● **Data supplied**
★ ★ ★ ★

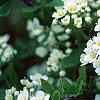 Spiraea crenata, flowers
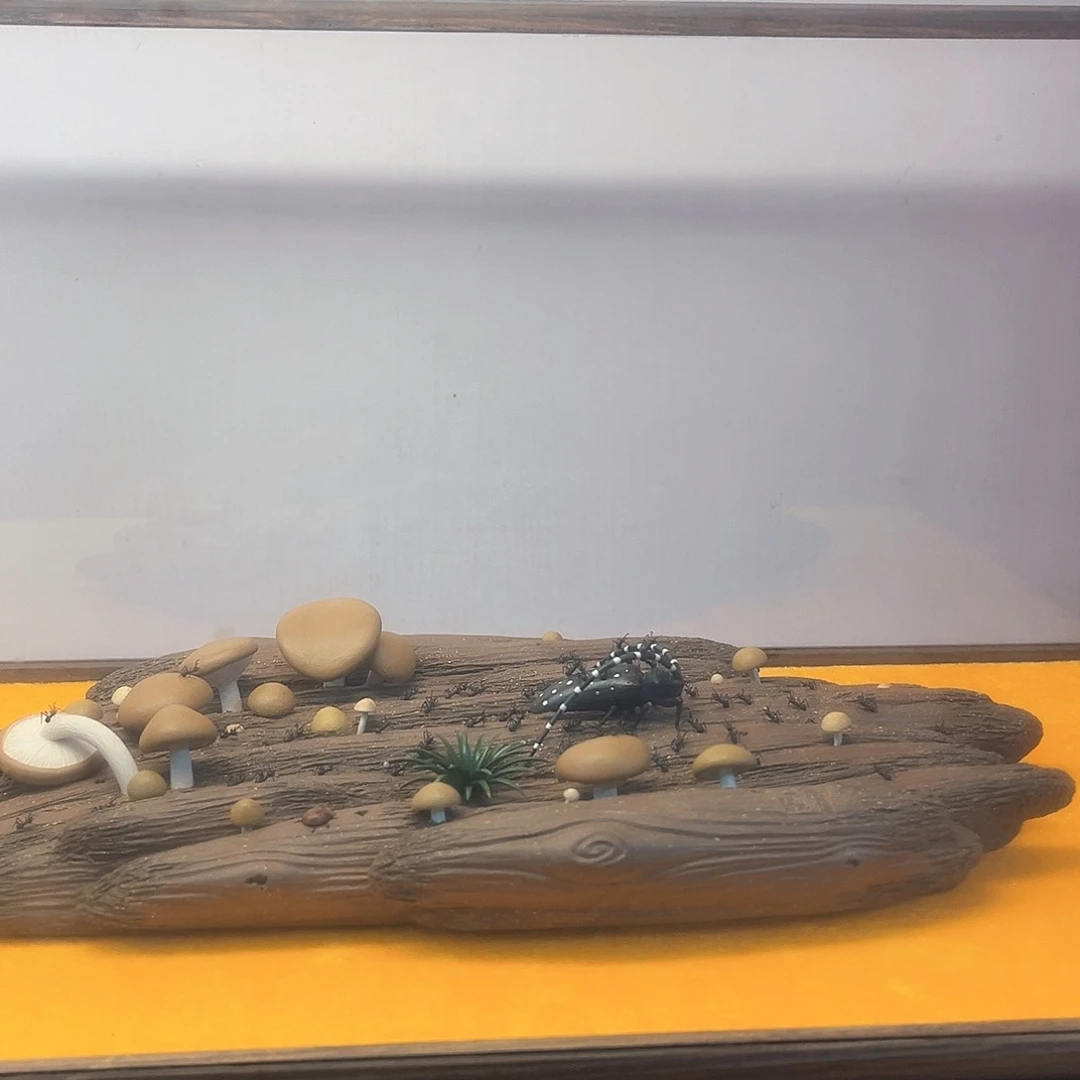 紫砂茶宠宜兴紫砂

★ ★ ★ ★

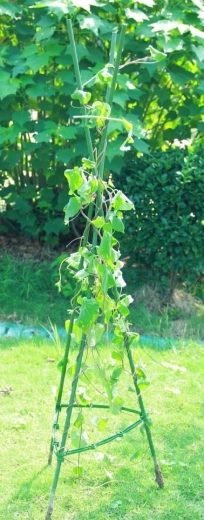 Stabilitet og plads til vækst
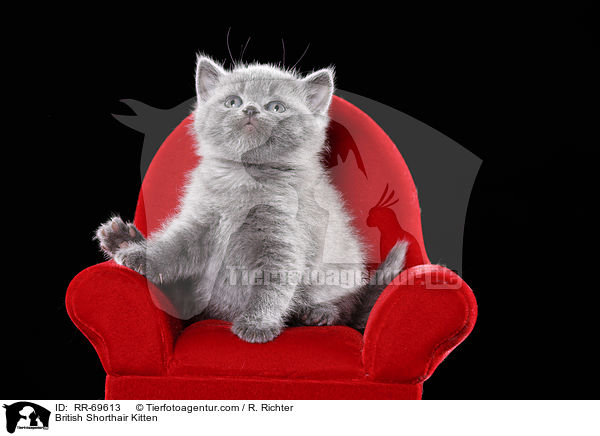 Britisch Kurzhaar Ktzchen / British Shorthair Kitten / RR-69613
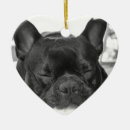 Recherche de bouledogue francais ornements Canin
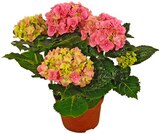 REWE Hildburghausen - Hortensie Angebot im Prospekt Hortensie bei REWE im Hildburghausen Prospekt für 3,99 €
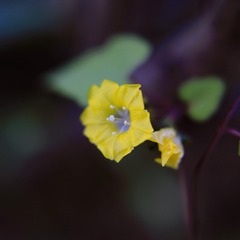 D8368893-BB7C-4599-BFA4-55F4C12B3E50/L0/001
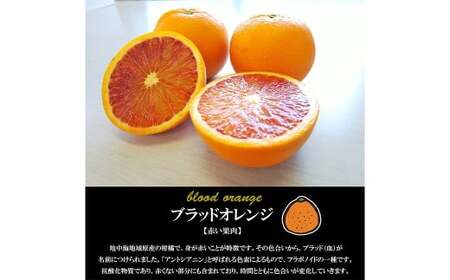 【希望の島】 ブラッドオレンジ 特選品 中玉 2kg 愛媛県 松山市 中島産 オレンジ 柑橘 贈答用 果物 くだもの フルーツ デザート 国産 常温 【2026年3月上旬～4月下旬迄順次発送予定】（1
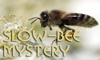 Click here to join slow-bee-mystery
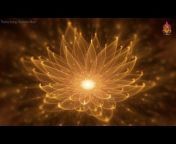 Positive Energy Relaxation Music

★ ★ ★ ★

● **Assigned task**
Copy the lines above exactly, starting at the one with "REWE Hildburghausen - Hortensie" and ending at the one with "Positive Energy Relaxation Music", both included. Leave out any pictures and add nothing else.

● **Exercise output**
 REWE Hildburghausen - Hortensie Angebot im Prospekt Hortensie bei REWE im Hildburghausen Prospekt für 3,99 €
 D8368893-BB7C-4599-BFA4-55F4C12B3E50/L0/001
 【希望の島】 ブラッドオレンジ 特選品 中玉 2kg 愛媛県 松山市 中島産 オレンジ 柑橘 贈答用 果物 くだもの フルーツ デザート 国産 常温 【2026年3月上旬～4月下旬迄順次発送予定】（1
 Click here to join slow-bee-mystery
 Positive Energy Relaxation Music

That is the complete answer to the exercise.